Yellow - Relaxed alertness. No specific threat situation. Your mindset is that "today could be the day I may have to defend myself." There is no specific threat but you are aware that the world is an unfriendly place and that you are prepared to do something if necessary. You use your eyes and ears, and your carriage says "I am alert." You don't have to be armed in this state but if you are armed you must be in yellow. When confronted by something nasty your reaction will probably be, "I thought this might happen some day." You can live in this state indefinitely.

Orange - Specific alert. Something not quite right has gotten your attention and you shift your primary focus to that thing. Something is "wrong" with a person or object. Something may happen. Your mindset is that "I may have to shoot that person." Your pistol is usually holstered in this state. You can maintain this state for several hours with ease, or a day or so with effort.

Red - Fight trigger. This is your mental trigger. "If that person does "x" I will shoot them." Your pistol may, but not necessarily, be in your hand.

States of Awareness, the Cooper Color Codes
By Tom Givens

www.rangesmaster.com

Most people stumble through life, blissfully unaware of the world around them. They remain preoccupied with thoughts of work, or personal problems, or how to get a date, or other trivialities, with no thought to their immediate environment. By not paying attention to their surroundings, they place themselves in needless jeopardy.


Go sit in the intake area in your neighborhood hospital emergency room one evening, as an educational exercise. Observe the unfortunates who come in for treatment, and you will get an excellent illustration of this point. About twenty percent of the customers are actually sick-discount them. The remaining eighty percent are there because they were inattentive to their environment. These will be people who walked off loading docks, or stepped off ladders twenty feet up, or backed into running machinery, or stepped into the path of a vehicle, OR allowed a thug to walk right up to them un-noticed and bean them with a brick. You can be stupid, inattentive, and oblivious in your work environment day in and day out and get away with it until one day the odds catch up with you and you are injured. The same applies on the street. You can be stupid, inattentive, and oblivious and get away with it until your path happens to cross the path of a criminal. The vast majority of criminals are opportunists, who only strike when presented with a viable opportunity. Remove the opportunity and you remove the risk to you!

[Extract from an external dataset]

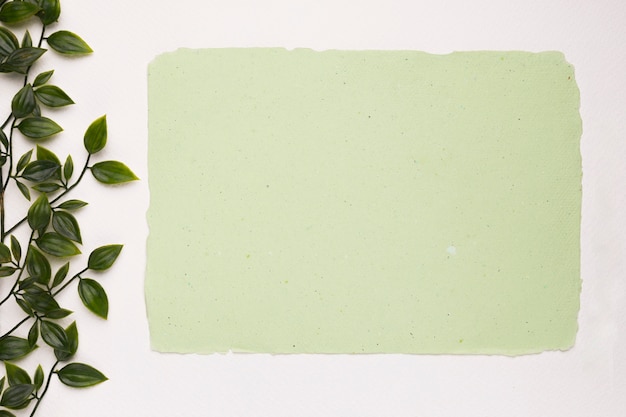 Foto papel verde menta cerca de las hojas artificiales aisladas sobre fondo blanco.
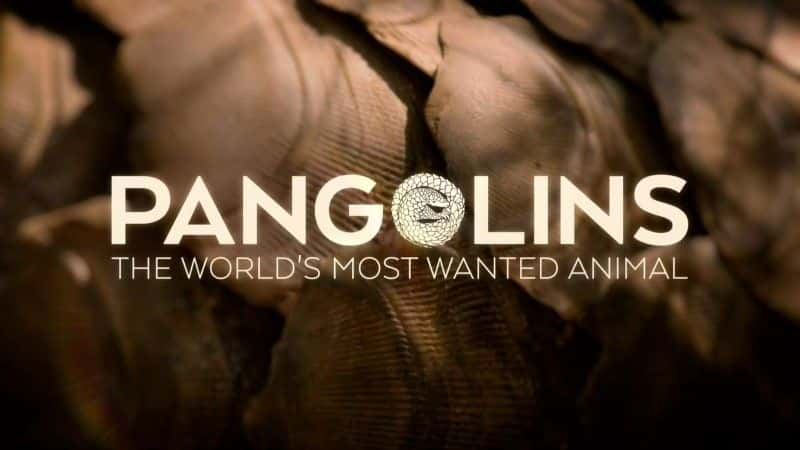 ¼Ƭɽף׷Ķ/Pangolins: The World's Most Wanted Animal-Ļ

By learning to observe your environment, constantly evaluate it, and react appropriately to what you see, you can achieve a large degree of control over your fate. This requires you to learn to shift up and down a scale of readiness, just like shifting gears in a car, so that you can match your level of awareness/readiness with the current requirements of your situation. In a car, you shift gears based on the grade encountered or the speed desired. On the street, you must learn to "shift gears" mentally, to match the threat level encountered. There is a sliding scale of readiness, going from a state of being oblivious and unprepared to a condition of being ready to instantly do lethal violence if forced. One cannot live stuck at either end of this spectrum.

If you try to live at the bottom of the scale, you will fall victim to an accident or to a criminal, eventually. It's just a matter of "when", not "if". On the other hand, you can't go through your daily routine with your hand hovering over your holstered pistol, ready to shoot if anything moves! What you must learn to do is escalate and de-escalate up and down this scale as the circumstances around you dictate. This is an easily learned system, and one that will help you be in the right frame of mind to deal with any conflict you encounter.